With such busy and tiring lives, up to now it has always seemed too difficult to try and tackle it all over again – we both work long hours and now with a teenage daughter we’re always kept occupied, not to mention there isn’t much privacy! We pushed it to the back of our minds and resigned ourselves to living without sex – you can always tell yourself that it’s not important and there is so much more to a relationship. But you can never really get rid of the hurt, however much you try to ignore it.
Until recently I had told only two other people in my life about my vaginismus and I don’t think they really understood it – I’m not sure you can unless you’ve experienced it for yourself. But a few days ago I was chatting to a friend who I’ve only known for three years but is very easy to talk to. We were discussing the fact that we only had one child each and this then led onto the reasons – for the first time in many years I felt able to talk about it again. My friend wasn’t shocked or surprised and our conversation left me thinking that maybe it isn’t too late after all to still try and overcome this.

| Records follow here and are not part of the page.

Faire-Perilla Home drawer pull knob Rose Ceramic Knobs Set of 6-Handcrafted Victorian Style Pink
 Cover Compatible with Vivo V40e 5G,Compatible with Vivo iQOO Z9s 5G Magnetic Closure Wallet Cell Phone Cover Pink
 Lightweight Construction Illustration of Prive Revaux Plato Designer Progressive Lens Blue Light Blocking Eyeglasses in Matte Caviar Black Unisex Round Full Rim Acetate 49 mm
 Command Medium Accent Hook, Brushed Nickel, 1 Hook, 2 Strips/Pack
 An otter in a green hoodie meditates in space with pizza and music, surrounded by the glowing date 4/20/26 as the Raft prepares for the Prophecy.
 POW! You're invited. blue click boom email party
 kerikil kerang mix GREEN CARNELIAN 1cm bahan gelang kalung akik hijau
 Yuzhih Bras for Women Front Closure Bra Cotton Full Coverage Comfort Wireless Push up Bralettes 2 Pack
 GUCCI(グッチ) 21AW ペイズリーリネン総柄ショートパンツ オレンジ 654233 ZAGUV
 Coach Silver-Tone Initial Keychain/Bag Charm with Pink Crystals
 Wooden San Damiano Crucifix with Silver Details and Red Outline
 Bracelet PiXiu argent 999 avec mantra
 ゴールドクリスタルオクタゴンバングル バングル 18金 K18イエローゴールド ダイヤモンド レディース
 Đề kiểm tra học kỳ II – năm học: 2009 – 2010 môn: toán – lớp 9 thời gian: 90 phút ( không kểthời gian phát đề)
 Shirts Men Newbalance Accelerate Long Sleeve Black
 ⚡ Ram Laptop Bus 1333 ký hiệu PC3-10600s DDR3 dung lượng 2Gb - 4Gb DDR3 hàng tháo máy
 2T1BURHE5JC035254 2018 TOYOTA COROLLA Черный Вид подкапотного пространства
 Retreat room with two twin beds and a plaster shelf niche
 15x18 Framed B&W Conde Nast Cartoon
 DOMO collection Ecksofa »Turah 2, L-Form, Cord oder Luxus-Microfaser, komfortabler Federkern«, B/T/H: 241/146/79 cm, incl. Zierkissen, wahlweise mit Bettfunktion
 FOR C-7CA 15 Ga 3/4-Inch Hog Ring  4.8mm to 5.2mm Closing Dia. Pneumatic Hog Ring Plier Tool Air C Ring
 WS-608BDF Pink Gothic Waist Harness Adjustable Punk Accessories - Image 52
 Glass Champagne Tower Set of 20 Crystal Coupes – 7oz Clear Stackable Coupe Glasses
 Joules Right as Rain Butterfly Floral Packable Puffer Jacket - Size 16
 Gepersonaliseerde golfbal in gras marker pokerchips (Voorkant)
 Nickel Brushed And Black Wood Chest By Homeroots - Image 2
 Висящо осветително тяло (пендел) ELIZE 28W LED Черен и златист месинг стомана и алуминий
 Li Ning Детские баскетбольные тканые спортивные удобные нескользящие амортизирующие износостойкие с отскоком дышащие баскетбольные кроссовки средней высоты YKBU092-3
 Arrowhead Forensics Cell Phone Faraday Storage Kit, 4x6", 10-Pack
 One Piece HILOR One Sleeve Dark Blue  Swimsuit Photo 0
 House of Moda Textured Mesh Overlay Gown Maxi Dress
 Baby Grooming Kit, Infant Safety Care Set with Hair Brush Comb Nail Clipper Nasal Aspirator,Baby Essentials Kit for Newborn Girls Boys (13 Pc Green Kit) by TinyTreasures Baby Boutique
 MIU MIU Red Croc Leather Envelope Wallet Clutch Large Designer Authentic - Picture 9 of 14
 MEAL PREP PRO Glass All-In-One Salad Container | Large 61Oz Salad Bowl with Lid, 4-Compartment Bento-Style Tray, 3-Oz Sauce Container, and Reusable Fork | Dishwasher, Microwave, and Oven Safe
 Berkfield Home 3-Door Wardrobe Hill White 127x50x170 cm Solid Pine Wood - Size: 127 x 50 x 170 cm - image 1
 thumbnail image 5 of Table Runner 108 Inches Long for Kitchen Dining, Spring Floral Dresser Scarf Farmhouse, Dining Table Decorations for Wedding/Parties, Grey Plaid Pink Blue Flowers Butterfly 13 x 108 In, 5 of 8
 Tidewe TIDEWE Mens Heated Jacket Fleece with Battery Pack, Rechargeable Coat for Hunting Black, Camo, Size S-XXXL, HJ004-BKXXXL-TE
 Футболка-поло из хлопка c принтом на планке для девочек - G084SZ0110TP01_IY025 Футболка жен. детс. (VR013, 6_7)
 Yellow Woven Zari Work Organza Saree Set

The thought of this is quite uncomfortable at the moment – it is something I have tried to lock away and forget about, but it has always been there, so with this new encouragement I have decided to face it again. This new motivation also led to me discovering The Vaginismus Network. I actually cried when I read the introductions that Lisa and Kat had written, because it was there in black and white that somebody else had all those feelings that I had experienced for so long but had been unable to express. Suddenly it seemed OK to feel like that, not over-emotional or self-indulgent. I’m hoping that I can go forward from here, not sure quite how yet but I think this network will really help me.
So that is my story so far. I’ve written this account as when I joined the network Lisa invited me to share my experiences if I would like to. I’ve found it very therapeutic to finally get it all out of my head and I really hope that some of it will be helpful to anyone else reading this who has been through the same thing.